Canadian M&A activity soars on surge in outbound deal flow: Reuters

A slew of major bets outside Canada by some of the country’s top pension funds, banks, investment management firms and insurers propelled Canadian deal activity to its second-highest level ever in 2015.

Thomson Reuters data released on Thursday showed US$278.69 billion of deal activity involving Canadian entities in 2015, up 37 percent from a year ago, and lagging only a pre-crisis high hit in 2007.

JPMorgan, lead advisor to General Electric on the sale of its finance assets, claimed top spot in the Canadian M&A league tables as big parts of that GE portfolio were scooped up by Canadian institutions like Canada Pension Plan Investment Board, Bank of Montreal and Element Financial.

“The real story around Canadian M&A activity this year was the outbound activity that was up some 175 percent and drove the lion’s share of activity” said John Armstrong, head of Canadian M&A at BMO Capital Markets.

Morgan Stanley, Royal Bank of Canada, Bank of America and BMO rounded out the top five in Canada, with other international banks like Citigroup, Credit Suisse and Barclays, placing high in the rankings.

Among the domestic banks CIBC came in third, and a new player, INFOR, emerged as the top independent Canadian investment bank.

“The continuing emergence of the Canadian pension funds as top-tier deal-makers on the global stage was solidified in 2015,” said Ron Lloyd, head of Credit Suisse Canada.

“Our pipeline remains very strong,” said Barclays Canada head Bruce Rothney, adding he expects Canadian pension funds to look at further resource sector investments as commodity prices hover around cyclical lows.

“There will be some creative deals that will get done in the resource space,” said Rothney.

The strong M&A data from 2015 shrouded the fact that soft commodity prices have muted resource-sector activity that typically accounts for a large part of Canadian deal flow. But, bankers now expect weak commodity prices to spur more opportunistic deals.
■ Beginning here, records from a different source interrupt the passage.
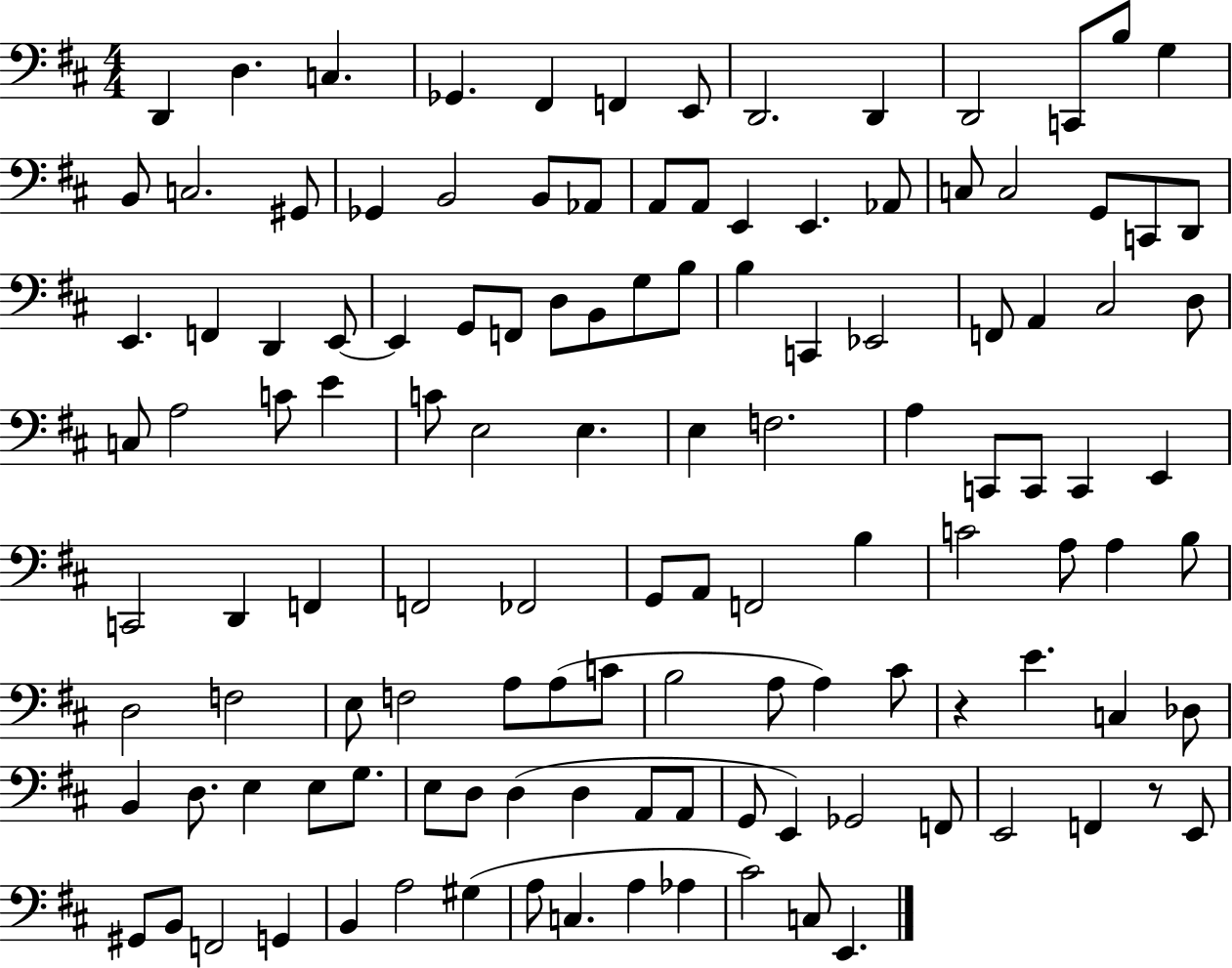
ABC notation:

X:1
T:Untitled
M:4/4
L:1/4
K:D
D,, D, C, _G,, ^F,, F,, E,,/2 D,,2 D,, D,,2 C,,/2 B,/2 G, B,,/2 C,2 ^G,,/2 _G,, B,,2 B,,/2 _A,,/2 A,,/2 A,,/2 E,, E,, _A,,/2 C,/2 C,2 G,,/2 C,,/2 D,,/2 E,, F,, D,, E,,/2 E,, G,,/2 F,,/2 D,/2 B,,/2 G,/2 B,/2 B, C,, _E,,2 F,,/2 A,, ^C,2 D,/2 C,/2 A,2 C/2 E C/2 E,2 E, E, F,2 A, C,,/2 C,,/2 C,, E,, C,,2 D,, F,, F,,2 _F,,2 G,,/2 A,,/2 F,,2 B, C2 A,/2 A, B,/2 D,2 F,2 E,/2 F,2 A,/2 A,/2 C/2 B,2 A,/2 A, ^C/2 z E C, _D,/2 B,, D,/2 E, E,/2 G,/2 E,/2 D,/2 D, D, A,,/2 A,,/2 G,,/2 E,, _G,,2 F,,/2 E,,2 F,, z/2 E,,/2 ^G,,/2 B,,/2 F,,2 G,, B,, A,2 ^G, A,/2 C, A, _A, ^C2 C,/2 E,,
“M&A activity in the energy sector is likely to pick up over the next 12 to 18 months,” said David Rawlings, head of JPMorgan Canada. “There should be an opportunity to create real franchise value for well-capitalized companies.”

This in turn has increased optimism around 2016.

“Canada is set up for increased M&A,” said Neil Selfe, head of INFOR. “However, global macroeconomic uncertainty and rising interest rates are likely to have a moderating effect on what would otherwise be a vibrant M&A environment.”